Any guitarist who can play Emerson Lake & Palmer’s “Karn Evil 9″ and nail the keyboard solo is a bad motor scooter. Paul Gilbert is one such guy. From his early days with the neo-classical metal band Racer X to the Grammy nominated Mr. Big, Gilbert has always played scarifying guitar. With 11 solo albums in his back pocket, Gilbert’s latest offering, Space Ship One, continues to display his fondness for Beatlesque power-pop, spellbinding shred, and left-field covers. It’s a treat for guitar freaks and pop fanatics alike.
Vintage Guitar: For a shredder, you’ve got a great pop sensibility.
Paul Gilbert: Thank you. I hope I have a great metal sensibility as well (laughs)! I always crack up because the words “pop” and “sensibility” are always used together. You never hear anyone say “metal sensibility.” I’m starting that right here! And the word “shred,” to this day, gives me the willies. It was invented way after I was interested in fast guitar. I started playing in the ’70s. I was into Jimmy Page. My heroes were Joe Perry and Brad Whitford. By the time the shred people came around, I was more interested in figuring out Todd Rungren pop songs and keyboard parts from Emerson Lake & Palmer.

Do you feel like a pop songwriter trapped in a shredders body?
I don’t feel trapped, because I have freedom to do what I want. I want to be a good guitar player, and to me, that meant taking away as many limitations as possible. To be able to speak through the instrument without having technique get in the way.

What is it with you and post-punk power pop?
I like The Ramones. I love Green Day! I’ve always loved Cheap Trick, and I’ve always loved taking the structures of The Beatles and making it a little harder. If you added up the shred guitar music I’ve listened to as a fan over the last 10 years, it might add up to about half an hour. I think I’d be much more successful if I decided to be a solo guitar instrumentalist, hopped on a G3 tour, and only played harmonic minor scales really fast. But I have to play what I like. I like pop music and I love crazy guitar and I have to put them together. I love the juxtaposition.

Talk about Space Ship One.
It was the first time I’d really done a record in a big studio since my Mr. Big days.

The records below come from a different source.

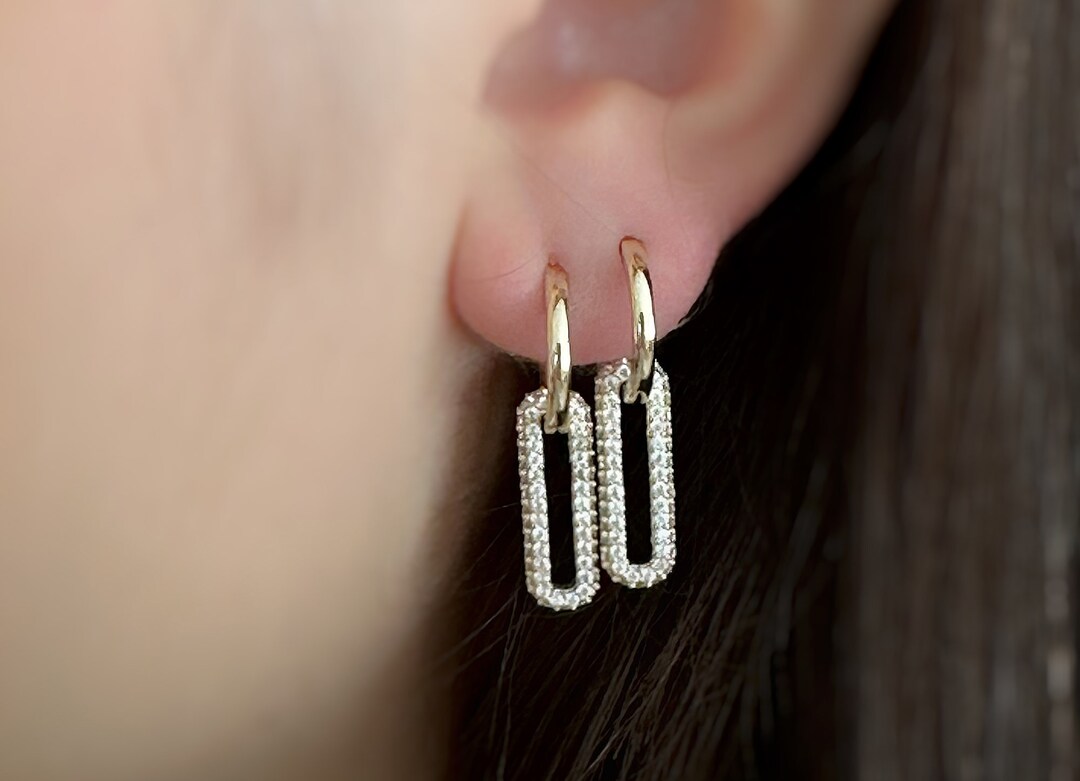 Rectangular Hoops 14K Solid Gold Paper Clip Hoop, Thick Rectangle Hoop Earrings, Square ...
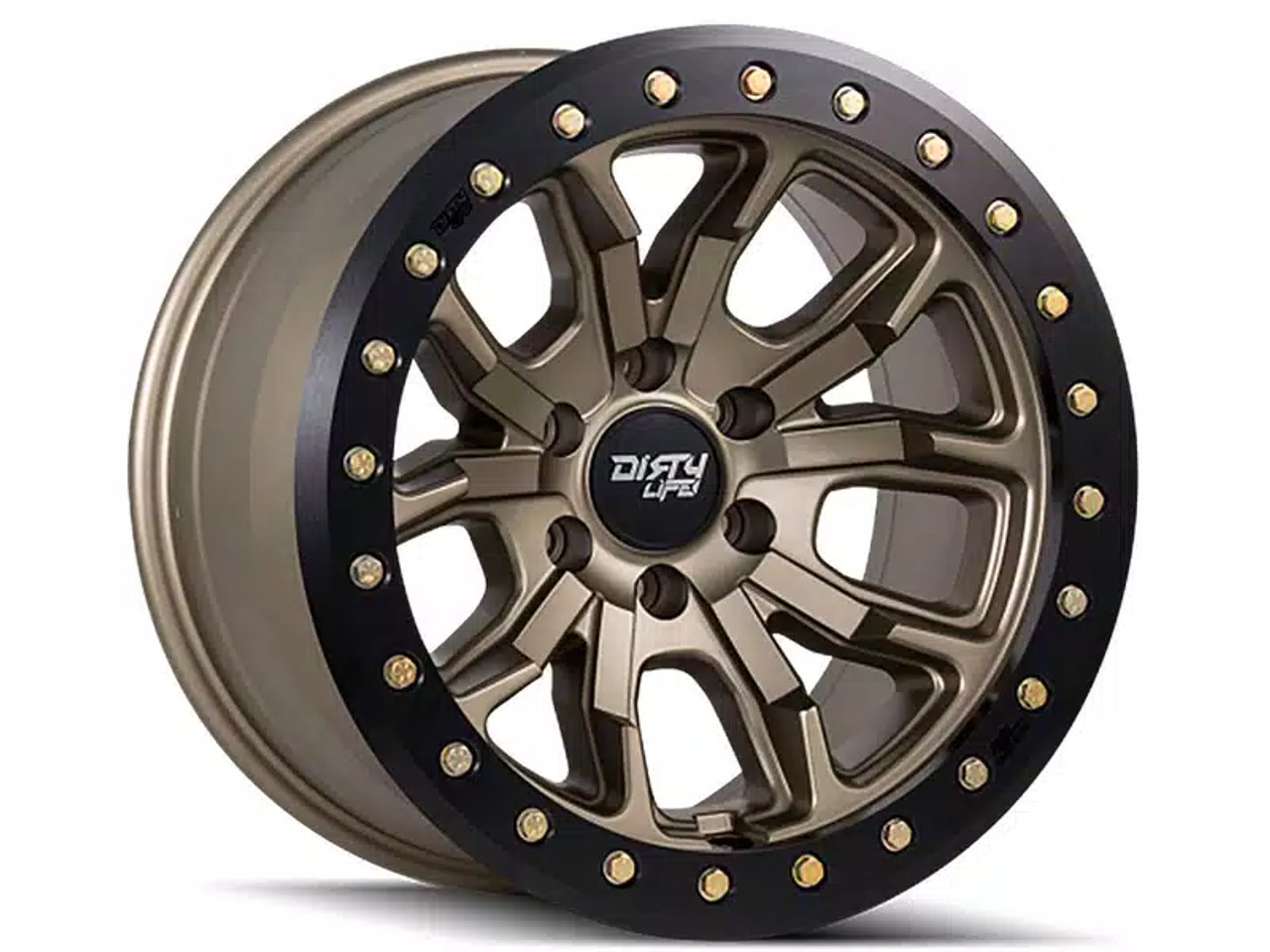 Dirty Life 9303 DT-1 17x9/8x165.1 BP/-12mm Offset/130.8mm Hub Satin Gold Wheel - Beadlock - 9303-7981MGD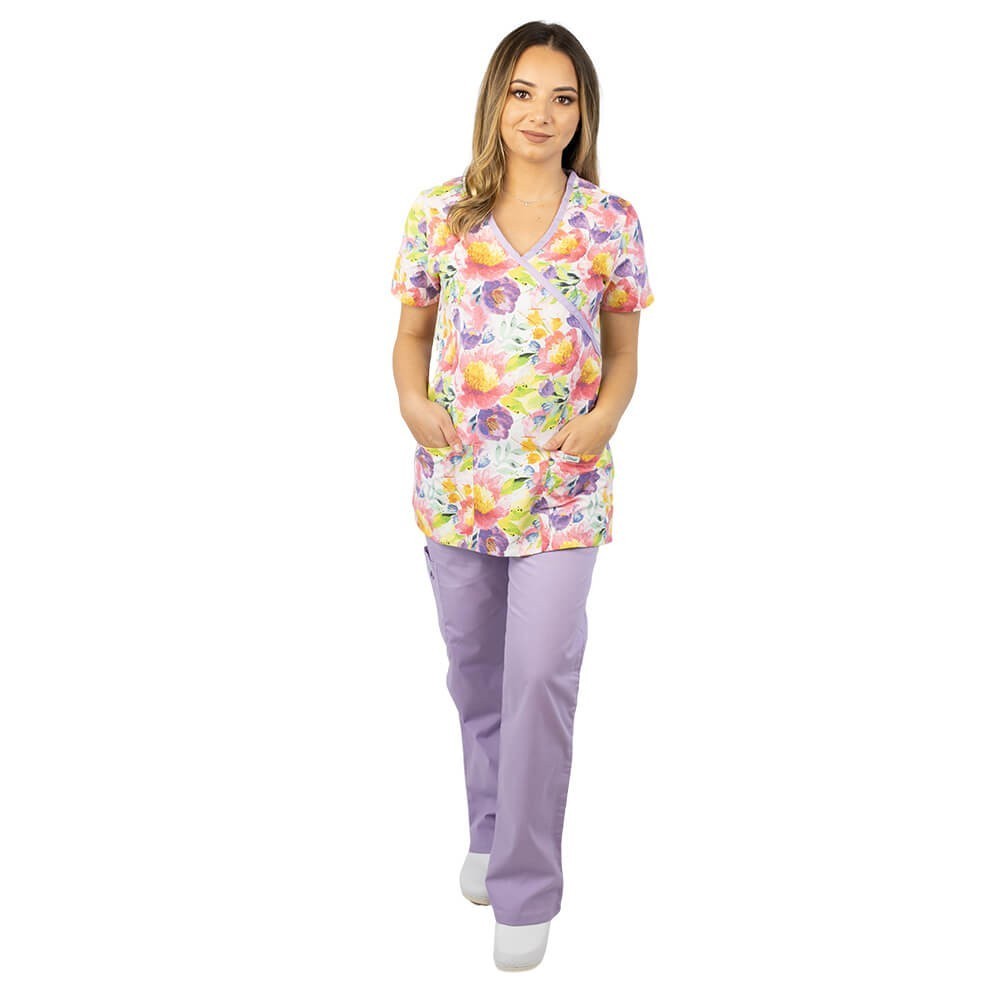Bluza medicala imprimata Lotus 1, guler asimetric, Pastel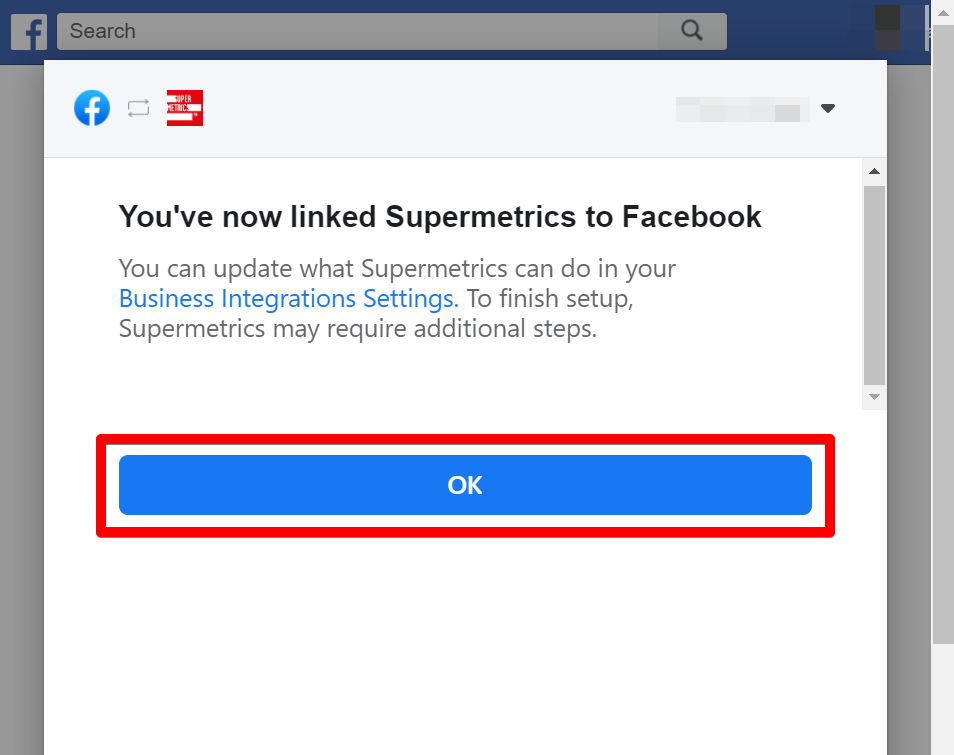 The confirmation popup for linking supermetrics to facebook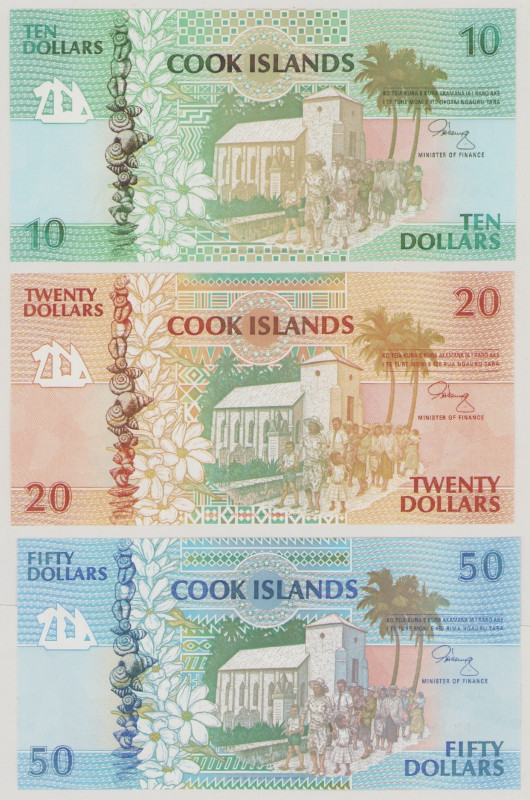 Cook Islands, 10 & 20 & 50 Dollars, ND, P8a, 9a, 10a, BNB B108a, B109a,B110a, 3x...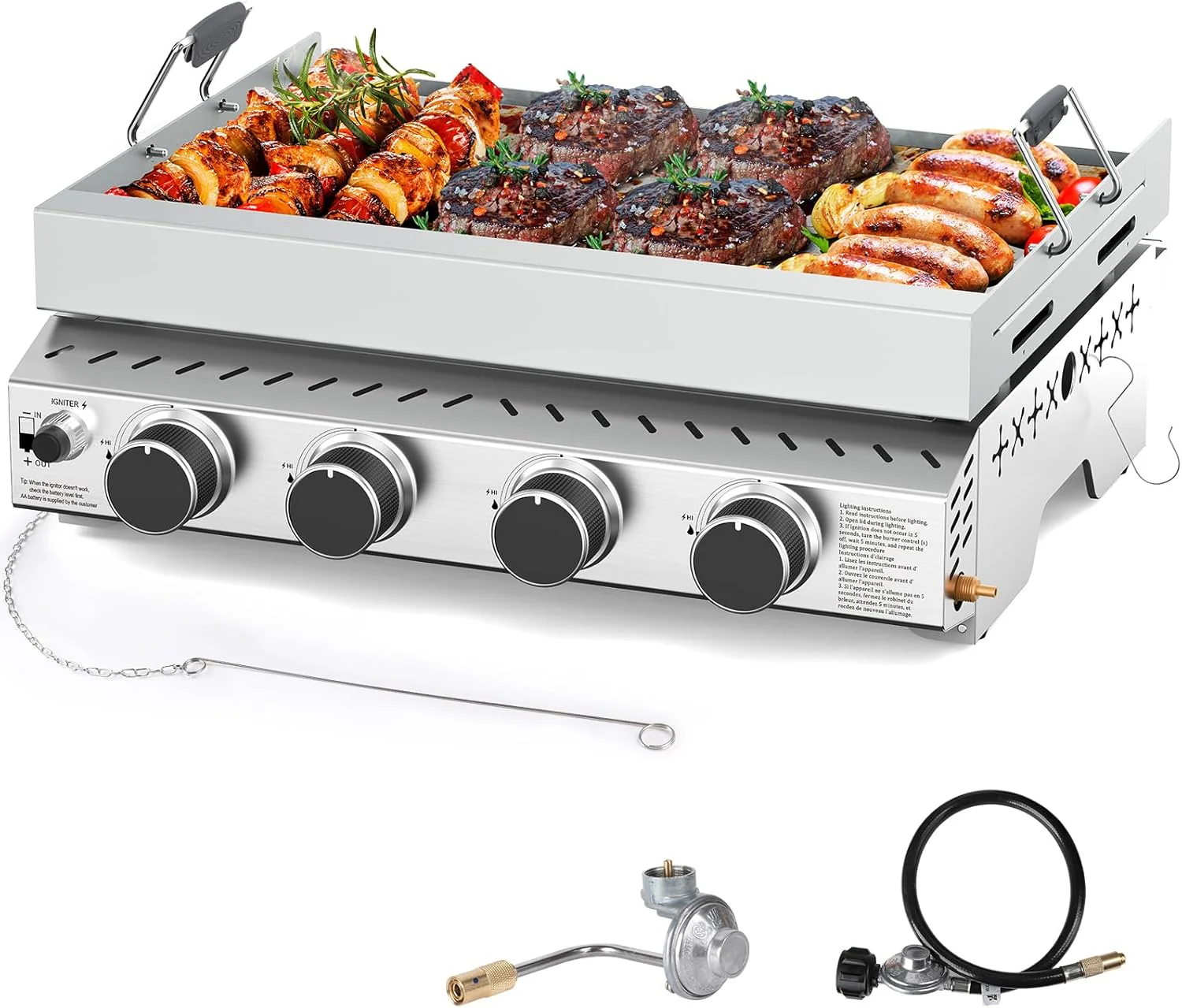3 Burners Portable Propane Griddle，25 inch Stainless Steel Gas Grill，24,000 BTU Table Top Grill TG0130C - Image 22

We played the whole album pretty much as a concert. Because we did a lot of rehearsing, I got more influenced by the other musicians than I normally would. That pushed it in a more rock direction because I tend to write more pop songs than I should. The first half of the album is pretty straight heavy rock with progressive or metal elements. The second half has more pop stuff. There’s a rockabilly number, a cover of George Harrison’s “It’s All Too Much,” and there’s an acoustic song.

What kind of gear are you using?
A Laney VC50 2×12″ combo. And I love my ADA Flanger – I get to pretend I’m Pat Travers. I’m a huge Pat Travers fan. I’ve gotten so much from his playing and his sound. I’m trying to bring it to the kids. I’m also using the MXR Phase 90 because I love old Van Halen solos. I collect Ibanez guitars from the ’70s and ’80s. I’m playing a killer Rocket Roll II.

What is it about Pat Travers?
When I went to GIT, I discovered diatonic harmony and three-note-per-string scales. It was a very powerful feeling. I thought this explained all music, because I was into Iron Maiden-ish heavy metal at the time. Whenever I’d go to a blues jam, I would sound horrible. None of the minor scales worked. I had no vocabulary in that style. I had one once but getting into diatonic harmony and metal destroyed my blues playing. Pat’s Go For What You Know album saved my soul in that sense. I started figuring out the solos on it, and redeveloping a blues vocabulary. When I say “blues,” it’s more rock with a blues tonality. I love the sound of his vibrato and phrasing, the ease with which he played, and what he did with the flanger and wah. Guitar players of the ’70s and early ’80s had a real ease and finesse about the way they played. That’s what I like about Pat Travers – he’s a rocker.